This week, we had really really strange error in one of our production databases. We had few jobs running internally (SQL Agent) and externally (Windows Scheduler) for usual data fetching and feeding. But yesterday, we got notification from our watchdog application (which basically monitors our system/job status) start sending us alert messages that jobs are failing. Upon investigation of Agent log, we found that jobs were failing with message of
error,  Unable to start JobManager thread for job JOB_NAME
SQL Server log and Windows logs were not showing any specific error as well. We resolved the issue by simply restarting the SQL Agent but we wanted to find real cause of this error. So I decided to do little more digging into this error and found that it is kind of common error.
I found few suggestions though …
1) Check for max number of worker threads for SQL Agent. We can find this in either registry or in MSDB database depends of what version of SQL Server we are talking about. For SQL Server 2000 and earlier, this can be found in registry and for SQL Server 2005 and later it is stored in MSDB database. You can get more info from this MSFT KB document. Unfortunately in out case we had already set this value to higher numbers.

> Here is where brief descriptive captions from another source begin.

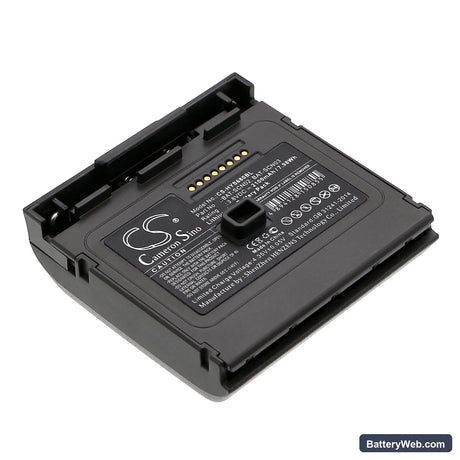Honeywell 8680i Replacement Battery, 3.8V, 2100mAh, Li-ion 1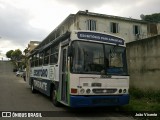 Ônibus Particulares 3825 na cidade de Duque de Caxias, Rio de Janeiro, Brasil, por João Vicente. ID da foto: :id.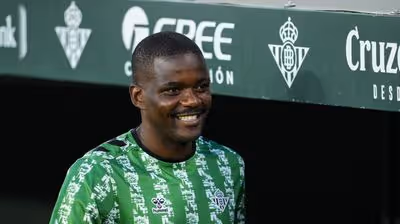 William Carvalho se despide del Betis tras siete temporadas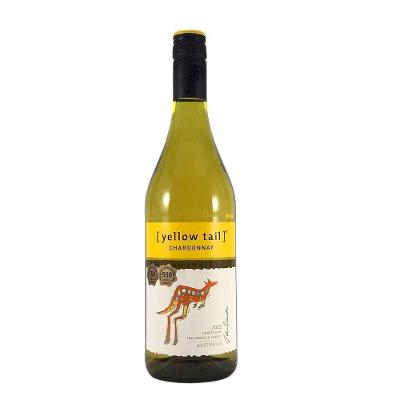 Vinho Branco Australiano Yellow Tail Chardonnay 750 Ml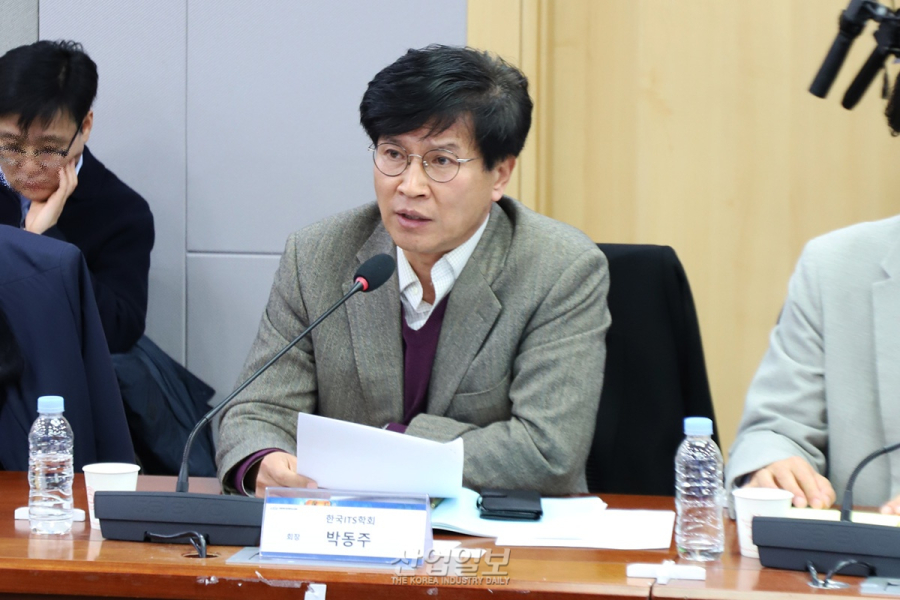 [한국 자율주행의 길②] “R&D 예산, 선도국 대비 턱없이 부족”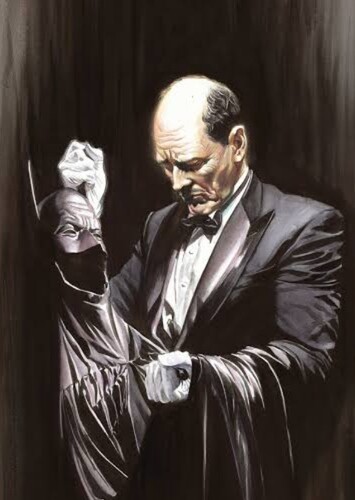 Alfred Pennyworth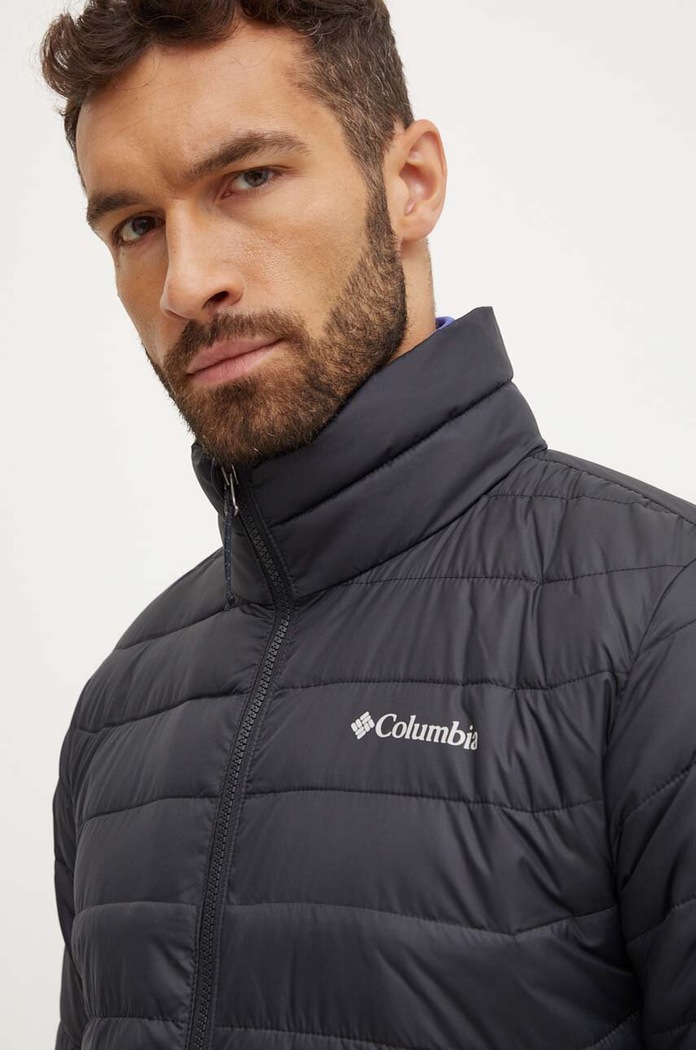 Спортно яке Columbia Powder Lite II черен 2086964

2) Some people suggested to see if there are any kind of conflict between jobs and they are trying to take over each other. Now, we have inherited this system from our DBA who has left this job few months ago so we are kind of trying to shoot in the dark without any sort of proper documentation (currently I am trying to fill up missing gaps in manual). But we tried to check if any sort of job conflict is going on but we haven’t found any (yet ) …
3) And the most common suggestion was to just restart SQL Agent and don’t bother for error if this is happening rarely. Which we did as a temporary solution since it is not happening frequently.
My take is, it can be because we have not set up the job step to retry more than ONE. I mean if we set it to retry then even though it fails at first try, it will try again so in event of busy resource for one shot it will always try again for number of times we have defined in the job.
I have posted my question at MSDN forums,
but have not got any reply yet (even after it has over 90 views !!!)
And till then just hope that it doesn’t happen again Meanwhile I will try to replicate the issue on dev. server and try to implement my thought about setting retry numbers for job. I hope to find some real answer for this issue and once I find it, I will surely post it here as well.
That’s it for now.
It’s Just A Thought …